Hello @yulangz, I'm Gemini Code Assist1! I'm currently reviewing this pull request and will post my feedback shortly. In the meantime, here's a summary to help you and other reviewers quickly get up to speed!

This pull request significantly enhances the system's flexibility by integrating a local scheduler, allowing for the execution of complex reinforcement learning workflows on a single machine. The changes involve crucial refactoring of engine initialization logic to accommodate local execution, alongside improvements to RPC data handling for better performance and stability. A new, detailed test suite ensures the robustness of this local execution capability.

Highlights

  • Local Scheduler Support: Introduced a new LocalScheduler that enables running rollout and actor components locally, simplifying development and testing workflows.
  • Engine Initialization Refactoring: Non-serializable members in SGLangEngine and FSDPEngine are now initialized within their respective initialize methods, improving serialization compatibility for distributed setups.
  • RPC Data Transmission Optimization: The RPC server now explicitly moves data to the CPU before returning it to the Controller, optimizing data handling and preventing potential device-related issues.
  • Comprehensive Local Test: A new test script (test_local.py) has been added to validate the local scheduler, covering a full interaction round from rollout to training.
Using Gemini Code Assist

The full guide for Gemini Code Assist can be found on our documentation page, here are some quick tips.

Invoking Gemini

You can request assistance from Gemini at any point by creating a comment using either /gemini <command> or @gemini-code-assist <command>. Below is a summary of the supported commands on the current page.

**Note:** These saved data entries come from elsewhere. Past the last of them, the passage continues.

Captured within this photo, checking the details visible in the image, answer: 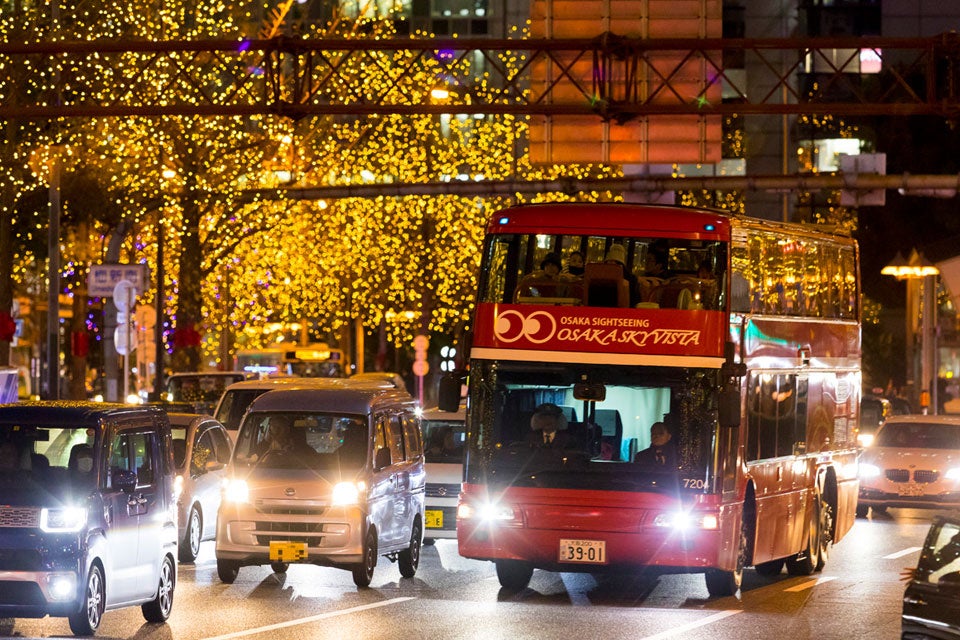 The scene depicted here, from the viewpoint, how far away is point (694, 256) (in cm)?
1856

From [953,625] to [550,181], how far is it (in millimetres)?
34700

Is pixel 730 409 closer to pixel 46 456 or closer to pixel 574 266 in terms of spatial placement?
pixel 574 266

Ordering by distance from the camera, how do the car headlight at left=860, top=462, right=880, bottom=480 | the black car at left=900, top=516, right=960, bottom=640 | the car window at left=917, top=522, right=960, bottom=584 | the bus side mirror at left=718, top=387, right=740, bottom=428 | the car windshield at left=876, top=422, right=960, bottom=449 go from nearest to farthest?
1. the black car at left=900, top=516, right=960, bottom=640
2. the car window at left=917, top=522, right=960, bottom=584
3. the bus side mirror at left=718, top=387, right=740, bottom=428
4. the car headlight at left=860, top=462, right=880, bottom=480
5. the car windshield at left=876, top=422, right=960, bottom=449

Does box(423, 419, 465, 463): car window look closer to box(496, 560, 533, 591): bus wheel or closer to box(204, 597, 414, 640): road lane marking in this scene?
box(496, 560, 533, 591): bus wheel

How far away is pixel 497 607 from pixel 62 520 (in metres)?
4.65

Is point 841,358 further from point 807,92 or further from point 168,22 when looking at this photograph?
point 807,92

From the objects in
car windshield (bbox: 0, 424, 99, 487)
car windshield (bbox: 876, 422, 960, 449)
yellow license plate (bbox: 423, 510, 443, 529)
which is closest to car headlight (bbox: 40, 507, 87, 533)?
car windshield (bbox: 0, 424, 99, 487)

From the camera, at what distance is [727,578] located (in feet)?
61.6

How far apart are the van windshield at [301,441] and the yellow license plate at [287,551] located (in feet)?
2.81

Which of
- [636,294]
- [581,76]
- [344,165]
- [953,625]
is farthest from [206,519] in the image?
[344,165]

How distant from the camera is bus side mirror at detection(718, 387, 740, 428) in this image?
1761 cm

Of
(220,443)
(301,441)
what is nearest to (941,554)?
(301,441)

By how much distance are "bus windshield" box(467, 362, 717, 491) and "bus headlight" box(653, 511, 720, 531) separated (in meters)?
0.26

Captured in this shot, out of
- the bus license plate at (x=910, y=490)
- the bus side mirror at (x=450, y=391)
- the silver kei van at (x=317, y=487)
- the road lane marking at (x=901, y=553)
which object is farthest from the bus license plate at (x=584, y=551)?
the bus license plate at (x=910, y=490) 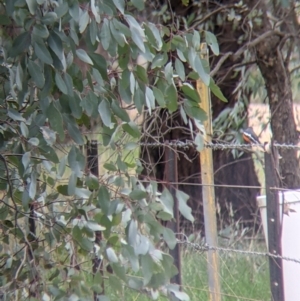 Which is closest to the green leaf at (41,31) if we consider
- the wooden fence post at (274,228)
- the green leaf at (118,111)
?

Feature Command Description
Code Review /gemini review Performs a code review for the current pull request in its current state.
Pull Request Summary /gemini summary Provides a summary of the current pull request in its current state.
Comment @gemini-code-assist Responds in comments when explicitly tagged, both in pull request comments and review comments.
Help /gemini help Displays a list of available commands.

Customization

To customize Gemini Code Assist for GitHub experience, repository maintainers can create a configuration file and/or provide a custom code review style guide (such as PEP-8 for Python) by creating and adding files to a .gemini/ folder in the base of the repository. Detailed instructions can be found here.

Limitations & Feedback

Gemini Code Assist may make mistakes. Please leave feedback on any instances where its feedback is incorrect or counter productive. You can react with 👍 and 👎 on @gemini-code-assist comments. If you're interested in giving your feedback about your experience with Gemini Code Assist for Github and other Google products, sign up here.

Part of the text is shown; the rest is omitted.